Raja Reddy, inspired by the Bhagvatam performers in his village, resolved to be a dancer at an early age. Slyly, he started taking part in dance dramas. When discovered, he was despatched to a taluka for studies. But nothing hampered his strong resolve. Married to his first cousin, Radha, who eventually also began to share his resolution, he found the possibility of his dream coming true when Guru Vedantam Prahlada Sharma accepted him as his disciple.

The duo, the only couple-dancer after Uday Shankar and Amala Shankar, with their vibrant and versatile stage presence earned a lot of popularity after a few performances both among the common people and the connoisseurs. Today, they have carved a distinctive niche for themselves as incomparable stylists. Having given a new dimension to the age-old art of Kuchipudi, they are instrumental in elevating this dance form to its present status. They perform each item with rare excellence and technical perfection. While retaining traditional grace and subtlety of Kuchipudi dance form, Raja and Radha Reddy have given this dance form vigour and range of a ballet. In interpreting Kuchipudi into its modern, full-length recital form, they have not sacrificed any of its traditional poetry and dramatic sensibility.

Together, Raja and Radha represent lasya and tandava, the twin pillars on which the edifice of Indian dance rests. Radha’s femininity with all its lyrical charm and softness combined with Raja’s vigour and masculine power portrays a sense of identity with classical characters from Hindu mythology like Shiva and Parvati, Rama and Sita, Krishna and Radh-- a revelation of the twin concepts of Prakriti and Purusha.

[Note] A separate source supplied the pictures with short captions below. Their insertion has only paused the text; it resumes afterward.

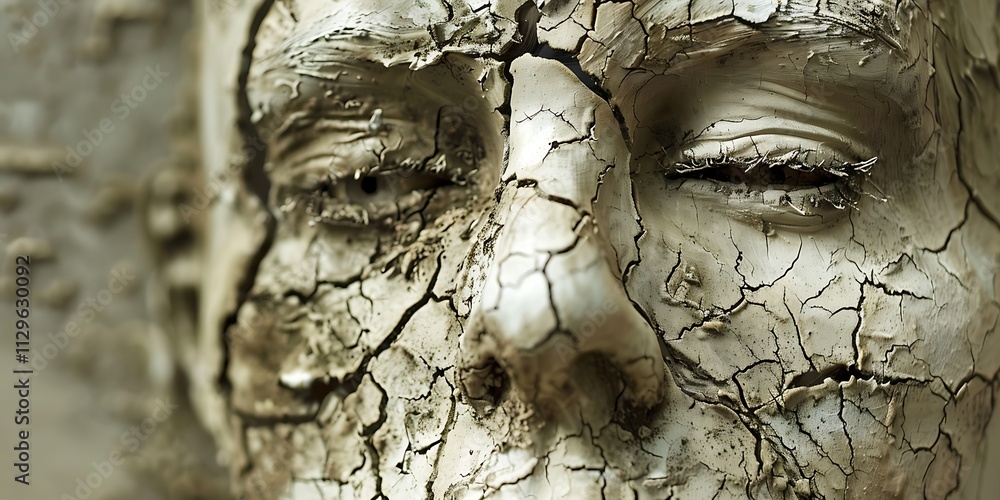 Close-Up of a Face Covered in Cracked Dried Mud, Creating an Intriguing Visual of Hardship, Survival, and Raw Emotion in a Striking Portrait Close-Up of a Face Covered in Cracked Dried Mud, Creating an Intriguing Visual of Hardship, Survival, and Raw Emotion in a Striking Portrait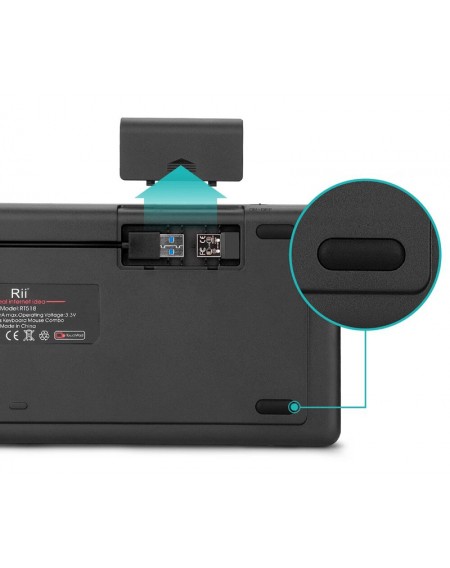 RIITEK ασύρματο πληκτρολόγιο Mini K18+ με touchpad, RGB backlit, 2.4GHz
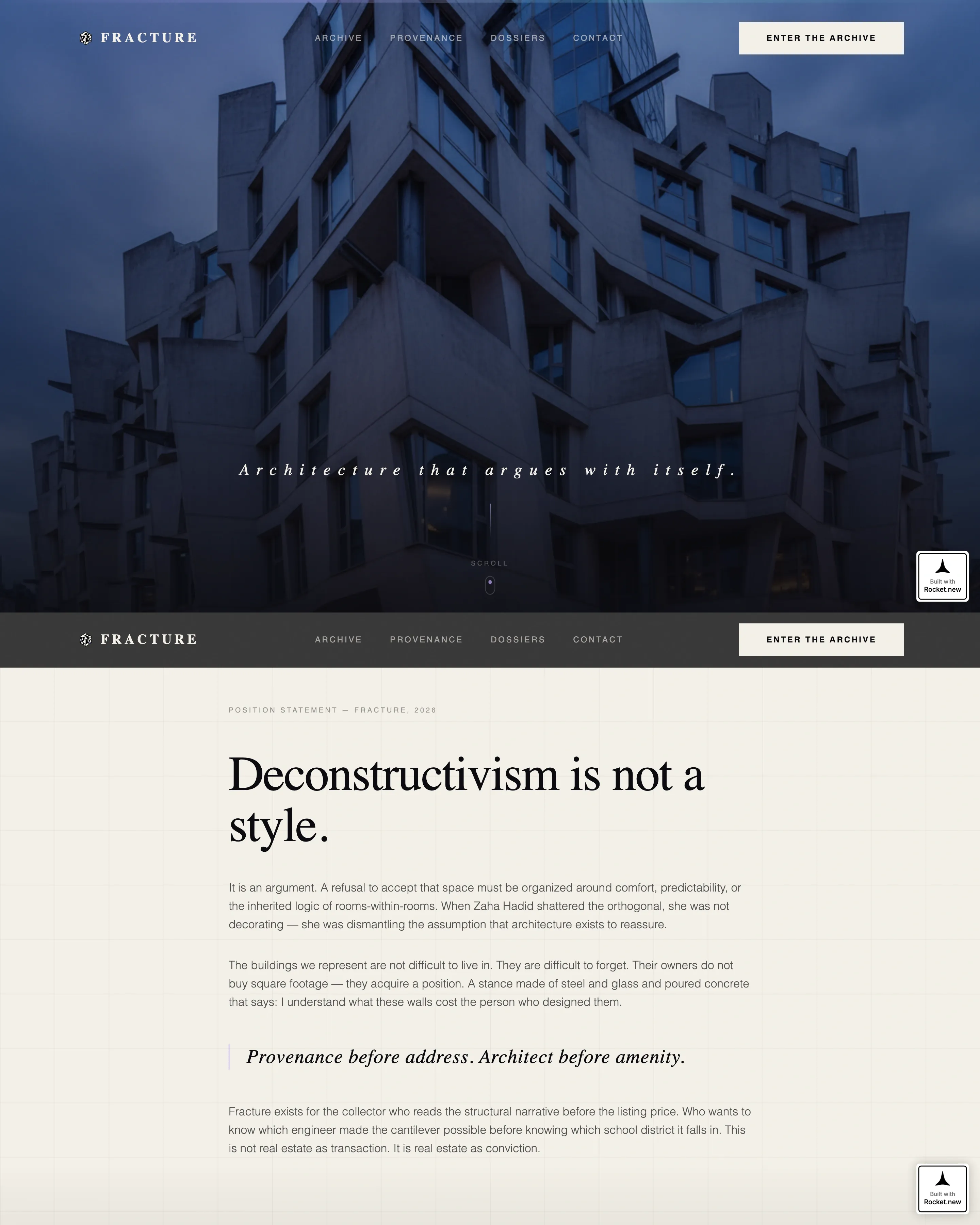 Bold Deconstructivist Real Estate Landing Page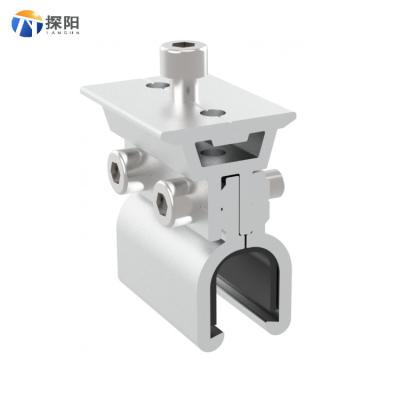 China Agriculture ; Industrial; House ; Commercial Aluminum Small Kliplok Aluminum Rooftop Roof Clamps Panel Stand Seam Clamp Interface Bracket for sale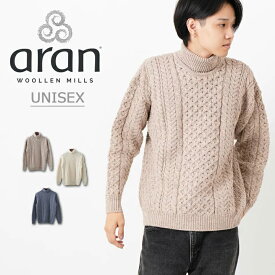 ARAN WOOLLEN MILLS タートルネックセーター ユニセックス レディース メンズ トラディショナル ポロネック アラン ウーレンミルズ メリノウール ホワイト ブラック ネイビー グレー ローゲージ キャレイグ・ドン CARRAIG DONN トラッド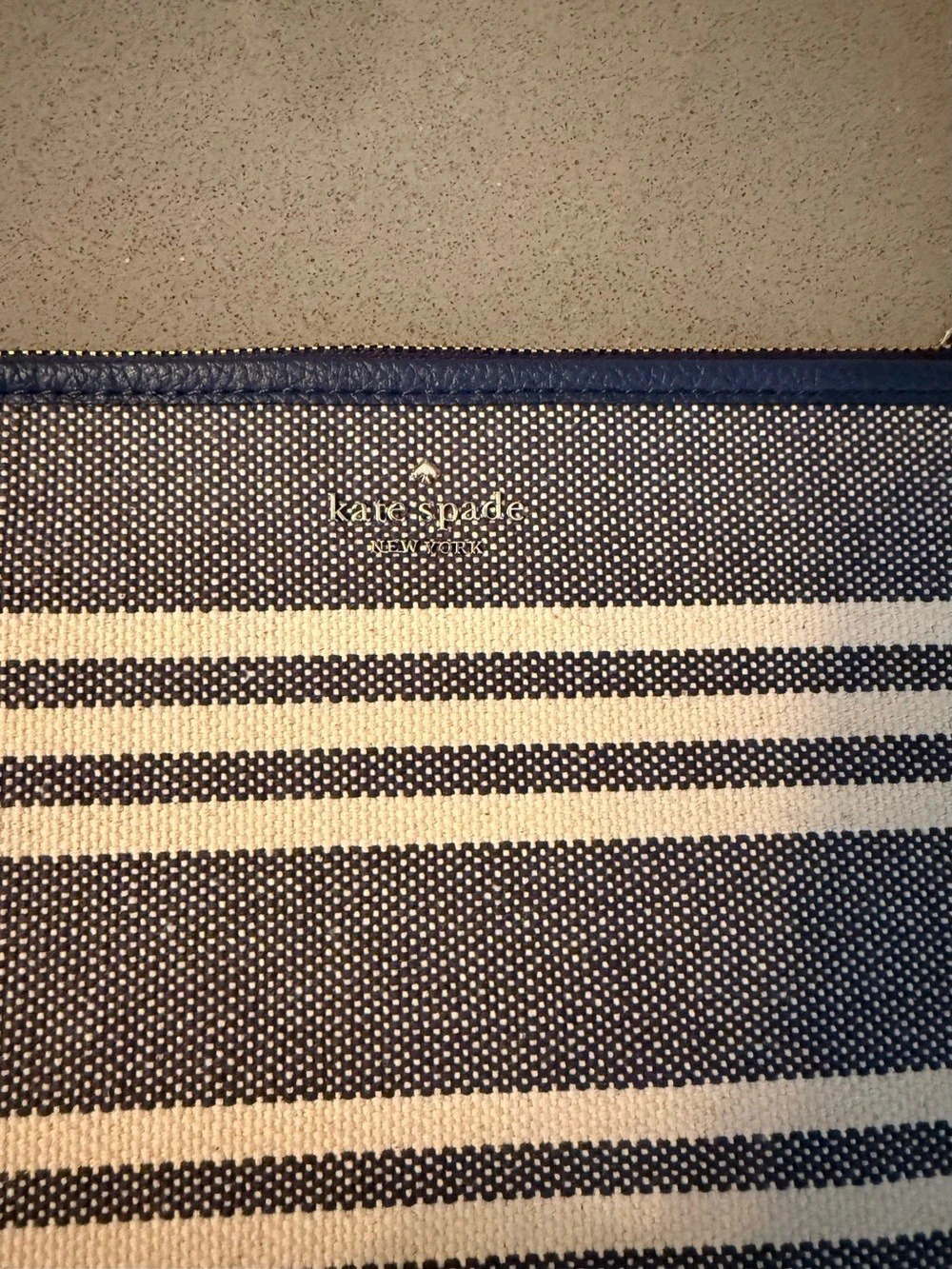 Kate Spade Striped Cosmetic Pouch in Blue & White NWT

The couple has popularised Kuchipudi dance form not only in India but across the globe. Having performed in the USA,the UK, Japan, South Africa, France, Germany, Sweden, Switzerland, South - East Asia, Cuba, and Bangladesh, they are now recognised as the cultural ambassadors of the country. Recipients of the Padma Shree Award in 1984, they were honoured with the Sangeet Natak Akademy Award in 1991 for their contribution to Indian classical dance. The couple maintains the tradition of the guru shishya parampara by teaching Kuchipudi in a more systematised manner to promising young students in a beautiful mandapan they have constructed in the backyard of their Kaka Nagar house in Delhi called ‘Natya Tarangini’. In an exclusive interview with Vandana Shukla, Raja Reddy along with his two wives -- Radha and Kaushalya -- delineates the finer nuances of Kuchipudi dance form as compared to Bharatnatyam and the sensitivity of relationships in his personal life.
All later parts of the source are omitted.